Absolutely right. Everyone should calm down and look at the common
greater good. Thank you for your appreciative words.
Oh, and to everyone who helped to develop Icecat and other open source
software: THANK YOU, YOU PEOPLE ARE AWESOME.
Am 20.03.17 um 16:13 schrieb b...@shroggslodge.freeserve.co.uk:
Until now I've resisted on commenting on this little Icecat family
fall-out between some of the family members :-)
I can see some reason in all the points being made from all parties -
some perhaps more plausible/evidential/or whatever, than others.
For my two-penneth single point gut-feeling view (not just for Icecat
either), I would not expect to see community contributed open-source
etc effort to develop/build for platforms and so forth where
commercial gain/interest is involved (usually for a minority few too).
I would expect it to be low on priority if it was part of any work,
unless there was some mandated, agreed and valuable reason to. Yes I
know, sometimes it helps to do so, but I'm not sure in this case.

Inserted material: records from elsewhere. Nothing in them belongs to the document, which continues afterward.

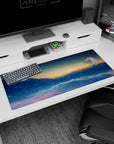 Calming 36x16 anime desk mat with snow-capped peaks and a glowing sky, capturing the beauty of morning light for a tranquil workspace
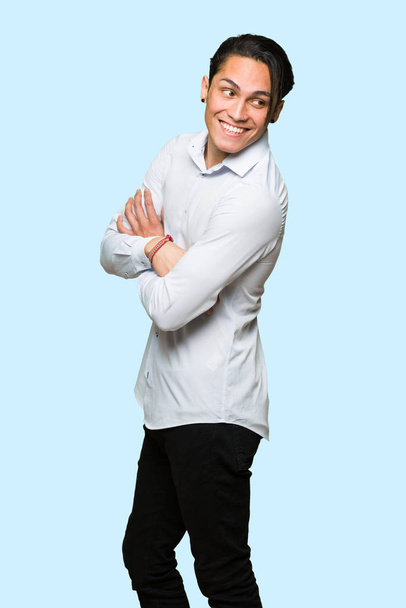 Hombre guapo mirando por encima del hombro con una sonrisa sobre un fondo azul aislado
 - Foto, Imagen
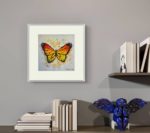 Acuarela Orange butterfly pe un perete gri, deasupra unor carti si a unui decor albastru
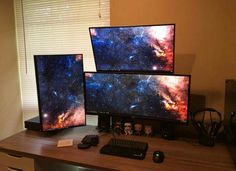 three computer monitors sitting on top of a wooden desk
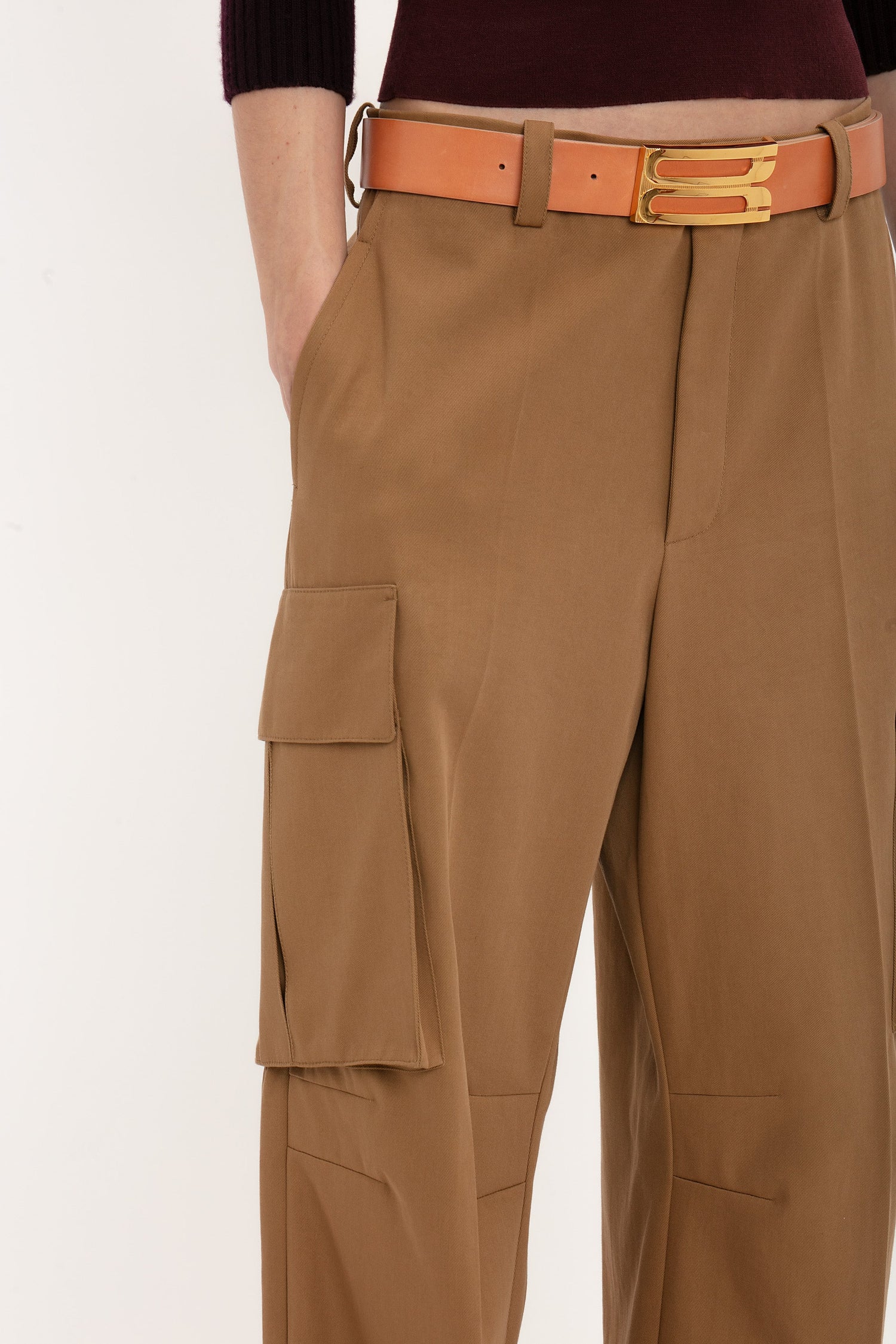 Close-up of a person wearing the Victoria Beckham Relaxed Cargo Trouser In Tobacco with large pockets and a tan belt featuring a gold buckle. The person's hand rests in the pocket, accentuating the military-inspired style. The top part of a dark-colored sweater is partially visible, adding to the relaxed silhouette.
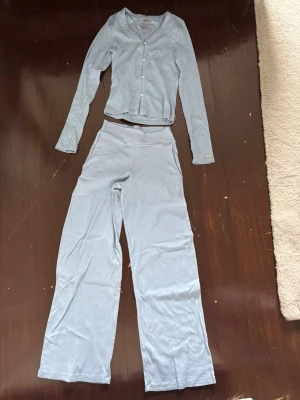 Aim’n Ljusblått ribbat loungewear-set  - Mysigt loungewear-set från Aim’n i ljusblå ribbad trikå. Setet består av en långärmad, figurnära cardigan med knappar framtill och ett par matchande vida byxor med hög midja. 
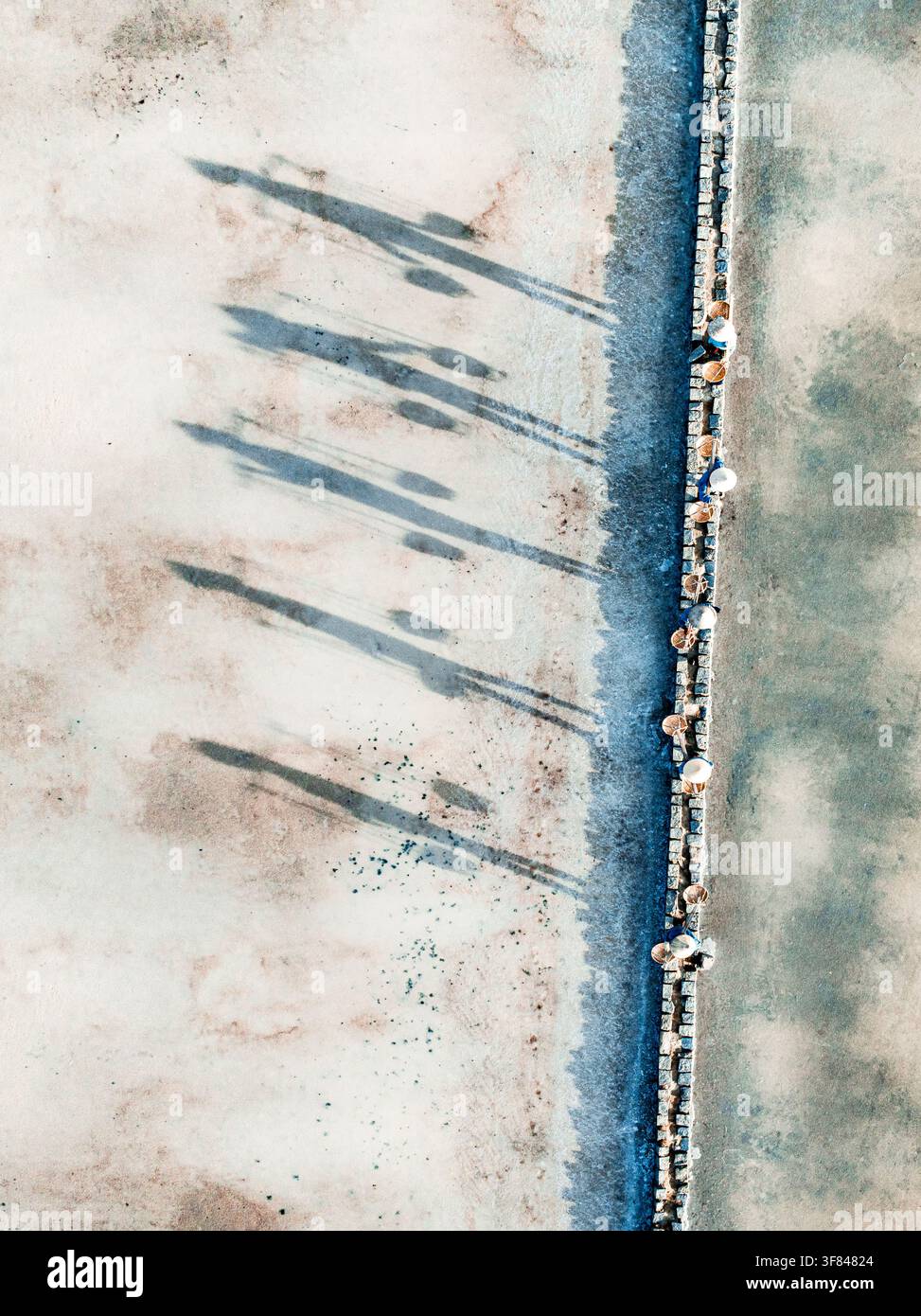 Des ouvriers traversent des champs de sel, projetant de longues ombres dans la province de Hon Khoi Khanh Hoa au Vietnam pendant la saison des récoltes Banque D'Images
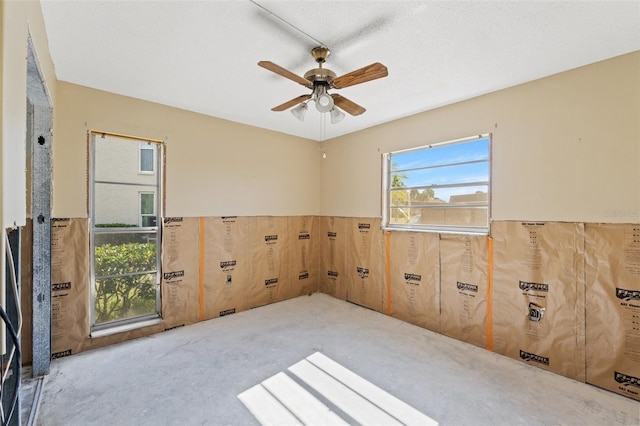 carpeted spare room with wooden walls and ceiling fan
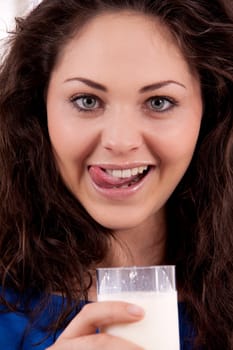 beautiful smiling woman is drinking milk isolated on white background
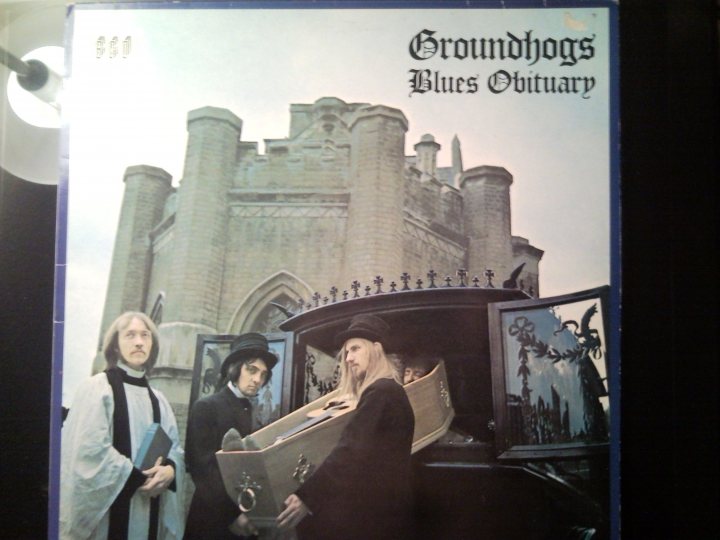 Vinyl Fine Pistonheads - The image is a photograph of a music album cover featuring a group of individuals standing with an open coffin. The central theme of the cover is illustrated by the procession of figures wearing what appear to be clerical garments, reminiscent of gothic architecture, suggesting a religious context. The title "Groundhogs Blues Obituary" is displayed in a gothic-style font, indicate that this is a musical release. The cover has a retro, possibly vintage, aesthetic, with a focus on moody, somber colors.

I really appreciate all the clever people who work on Linux and
open-source, community inspired and driven software efforts (and in
other projects too) and make those available for use - I'd be in a
worse place without them and I cannot thank all those people
enough...it warms the heart to see people coming together to achieve
things in this manner.
Thank you.
Habs
On 20 March 2017 at 02:22, Ian Dunn <du...@gnu.org
<mailto:du...@gnu.org>> wrote:
I see what you're saying, awakeyet. From a certain perspective,
you make perfect sense. Attempting to bog down the maintainer of
a project like GNU IceCat to try and take it down is something I
could see a competitor doing. I won't argue that there are rotten
people that do pull shady, petty tactics like that to get rid of
the competition.
But there are also good people. People like Daniel, that only
wanted to see support for his OS. He wants to use GNU IceCat, but
he got attacked by people that laughed him out for not using
GNU/Linux. There could be 100 reasons he can't or won't switch,
and we should respect that. If we don't show our users respect,
but instead assume that perfectly honest people are trying to
troll or attack us, then we're going to lose people. Not everyone
is out to get someone else, although I know it can feel that way
sometimes.
Everyone remember: We're all here because we want to see GNU
IceCat succeed. I've been watching the development for years.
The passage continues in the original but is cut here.